# Round Goby



## bigfishy (Jun 19, 2009)

Caught a lot of these yesterday, and... yeah...

just a picture to show you guys.. Invasive species of Canada!

 

There are a few in my piranha tank waiting to be eaten!!


----------



## shark (Jan 28, 2009)

WOW!!! NICE  what lake did you catch them in?


----------



## bigfishy (Jun 19, 2009)

shark said:


> WOW!!! NICE  what lake did you catch them in?


Lake Ontario


----------



## shark (Jan 28, 2009)

nice was there ever any sucess keeping them in aquariums? or is it not recomended?


----------



## bigfishy (Jun 19, 2009)

shark said:


> nice was there ever any sucess keeping them in aquariums? or is it not recomended?

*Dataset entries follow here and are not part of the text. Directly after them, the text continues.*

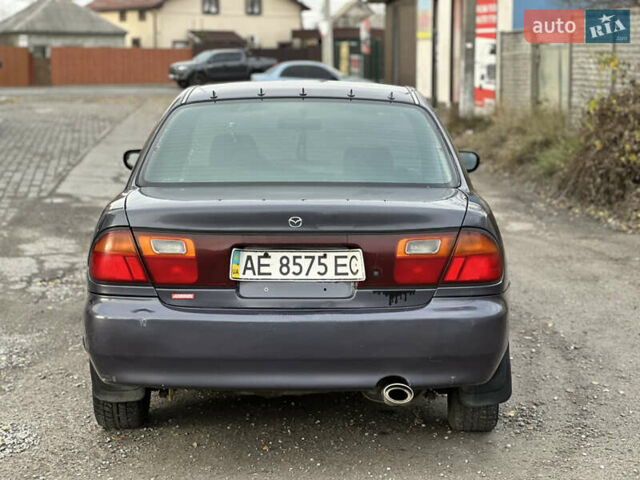 Серый Мазда 323, объемом двигателя 1.5 л и пробегом 320 тыс. км за 1700 $, фото 1 на Automoto.ua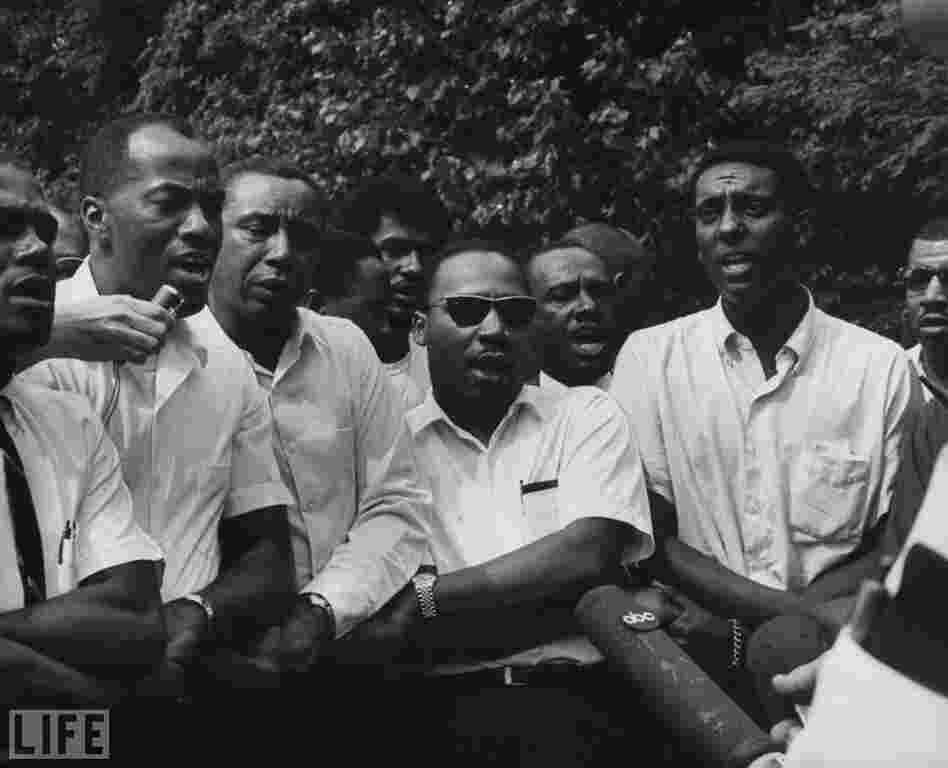 King (center) and his colleagues speak to the press at a voter-registration march from Memphis, Tenn., to Jackson, Miss., in 1966. 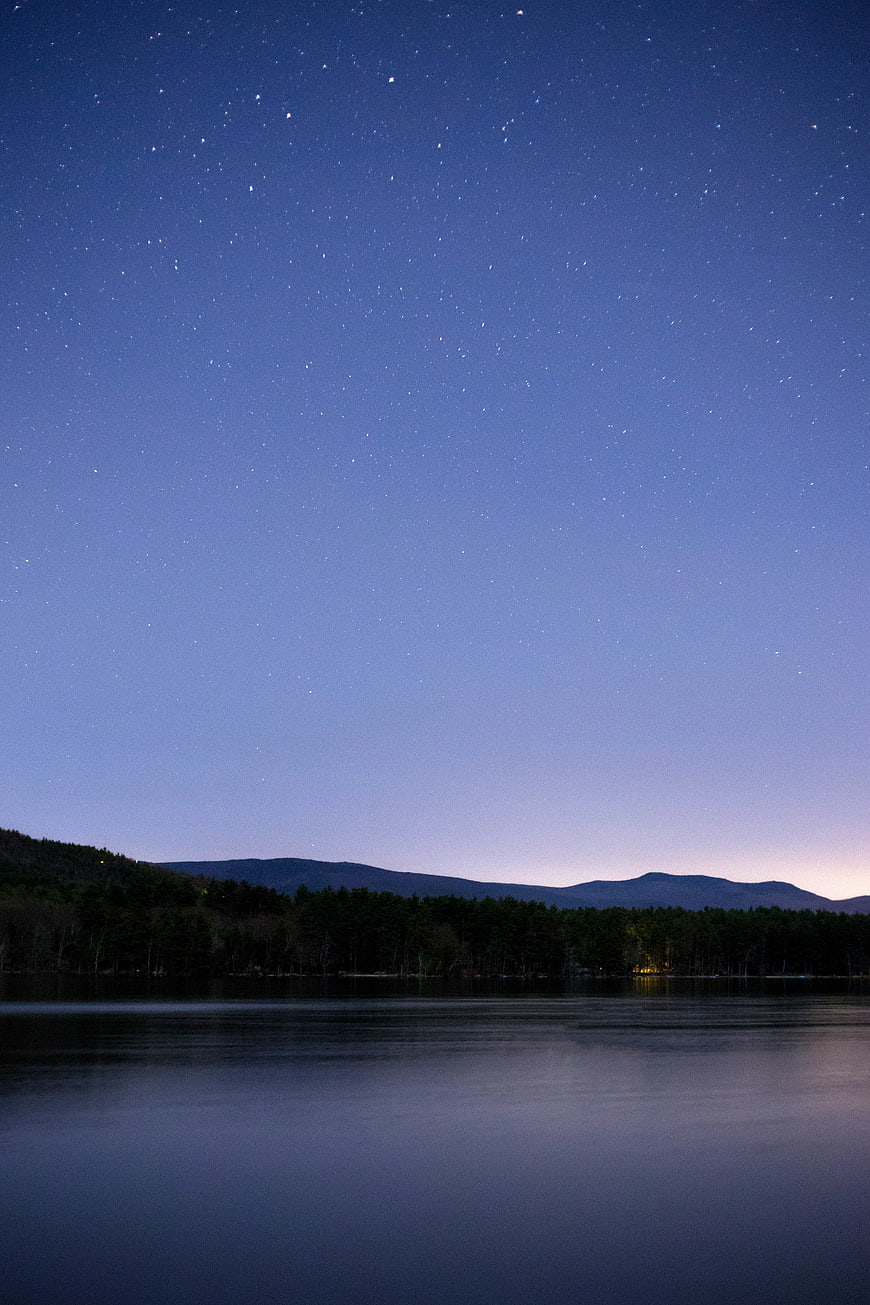 Starry Night Sky Over Lake and Mountain Silhouette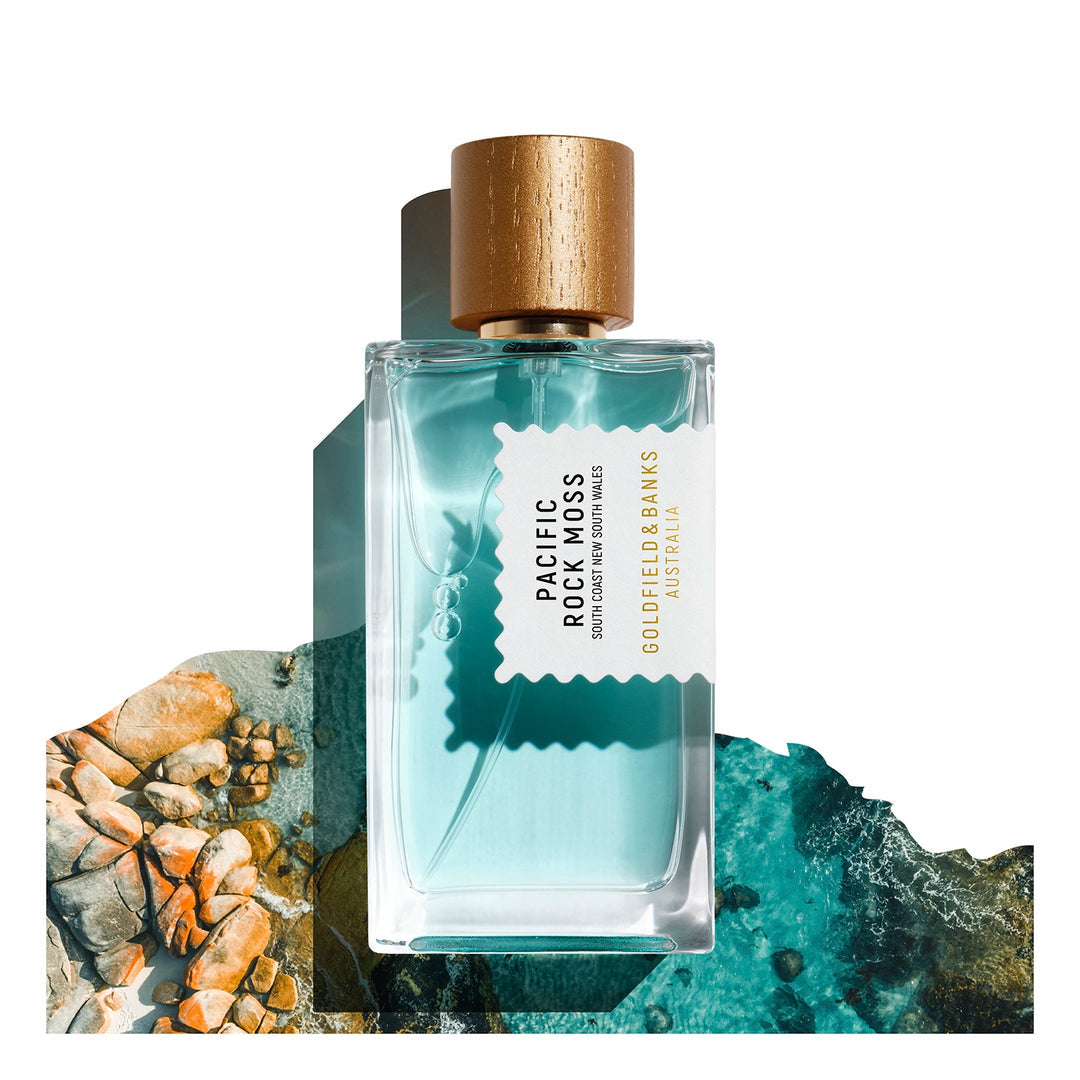 The "Pacific Rock Moss 100ml Eau De Parfum" by Goldfield & Banks, featuring a gold cap, encapsulates the essence of marine notes set against an ocean and rocky shoreline backdrop.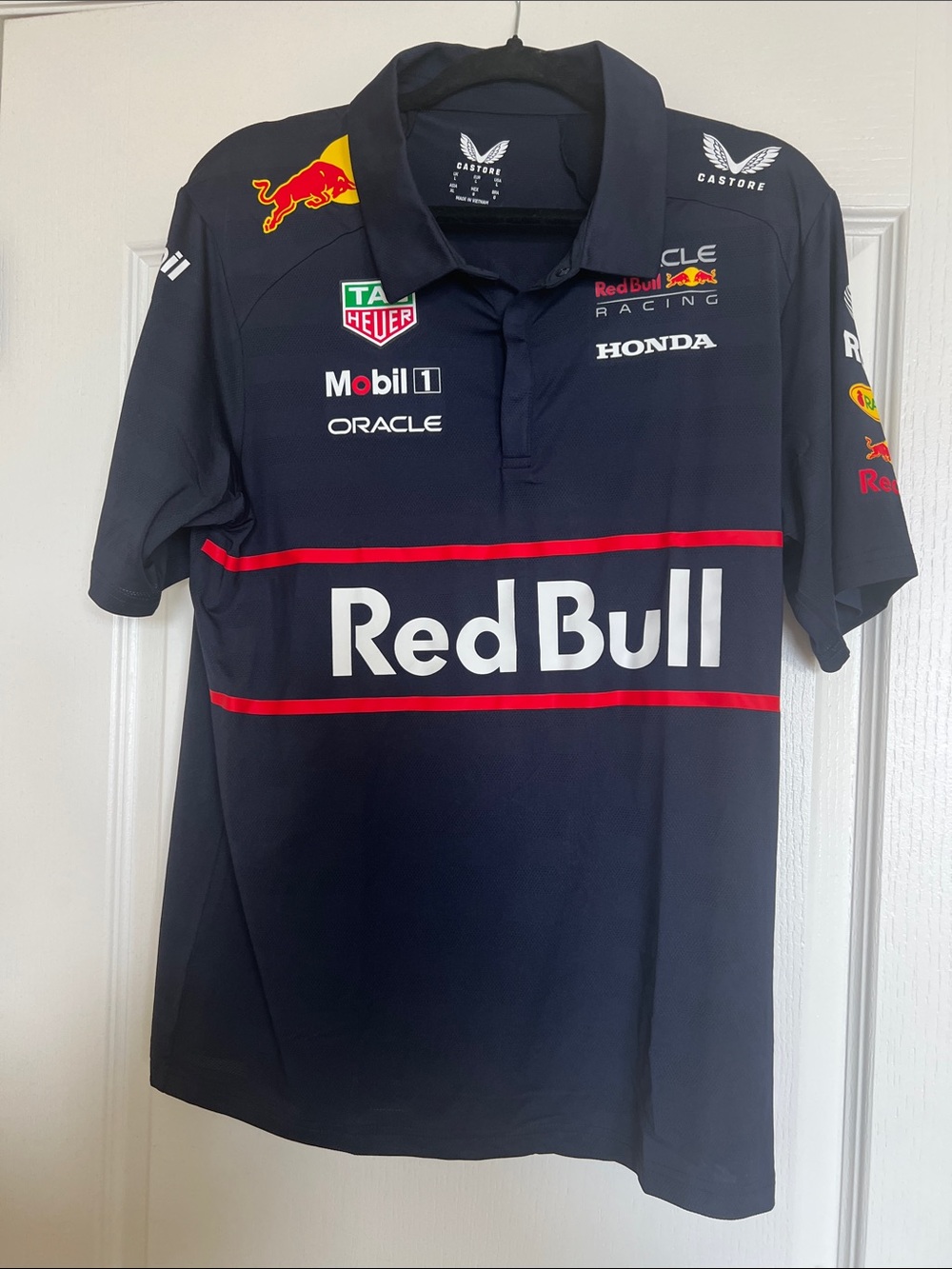 Castore Red Bull Racing Navy Polo with Red Trim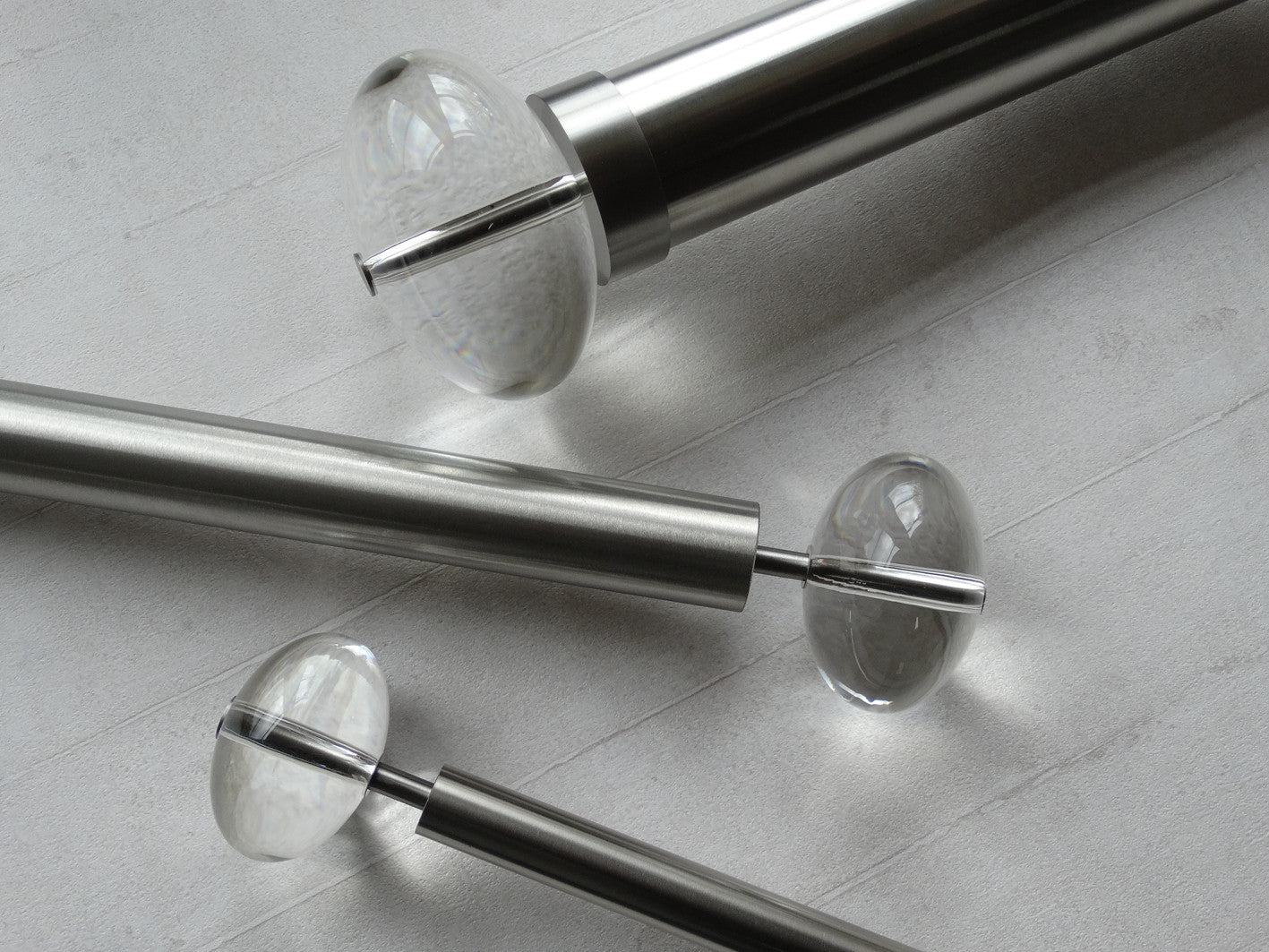 Stainless steel metal curtain pole sets with elliptical acrylic finials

Let just say, they are illegal to keep, if such fish were caught, they needed to be killed and report the finding to wildlife ministry of Canada


----------



## shark (Jan 28, 2009)

bigfishy said:


> Let just say, they are illegal to keep, if such fish were caught, they needed to be killed and report the finding to wildlife ministry of Canada


 OO thanks for leting me know i dont want that to happen now


----------



## bluekrissyspikes (Apr 16, 2009)

how big are those?


----------



## bigfishy (Jun 19, 2009)

bluekrissyspikes said:


> how big are those?


big enough to spawn

4" - 5"


----------



## bluekrissyspikes (Apr 16, 2009)

cool. they r kinda cute. too bad they are invasive


----------



## bigfishy (Jun 19, 2009)

bluekrissyspikes said:


> cool. they r kinda cute. too bad they are invasive


yeah, they look like mudskipper

I saw them 2 years ago at the same location that I caught these 2 days ago


----------



## bluekrissyspikes (Apr 16, 2009)

hey. you took your story away...lol, i don' t blame you though


----------



## overleaf (Feb 1, 2009)

http://www.invadingspecies.com/Invaders.cfm?A=Page&PID=8

It turns out that they feast on contaminated zebra mussels. Might not want your fish to consume them.


----------



## bigfishy (Jun 19, 2009)

overleaf said:


> http://www.invadingspecies.com/Invaders.cfm?A=Page&PID=8
> 
> It turns out that they feast on contaminated zebra mussels. Might not want your fish to consume them.


Thanks for the info

and

they were caught beside Pickering Nuclear Generating Station


----------



## flashback3003 (Apr 8, 2009)

Haha thats where i caught them with my dad 1 time we went camping.
Well just to tell ya,ive housed these before(3) and to tell ya,i thought they were cute the at first since theyre like mud skippers but after that they terminated my aquarium.If you do wanna keep them then i suggest you get another tank about 5-10g since they grow to be as long as a pen i've seen (or maybe a bit shorter).Make he substrate sand and only put larger plants into the tank.They'll uproot all small plants.Place a few rocks etc. if you want and use a HOB filter even if youre planning on breeding them cause these things are extreamely dirty.Since you caught them it'll take them about 3 days or so to eat cause of the hook that went in their mouth.
You can also hold them too i used to pet mine every once in a while or place my hand into the tank and have them hitch hike 

They eat just about anything.I fed mine leftover earthworms from the fishing trip and after that mealworms.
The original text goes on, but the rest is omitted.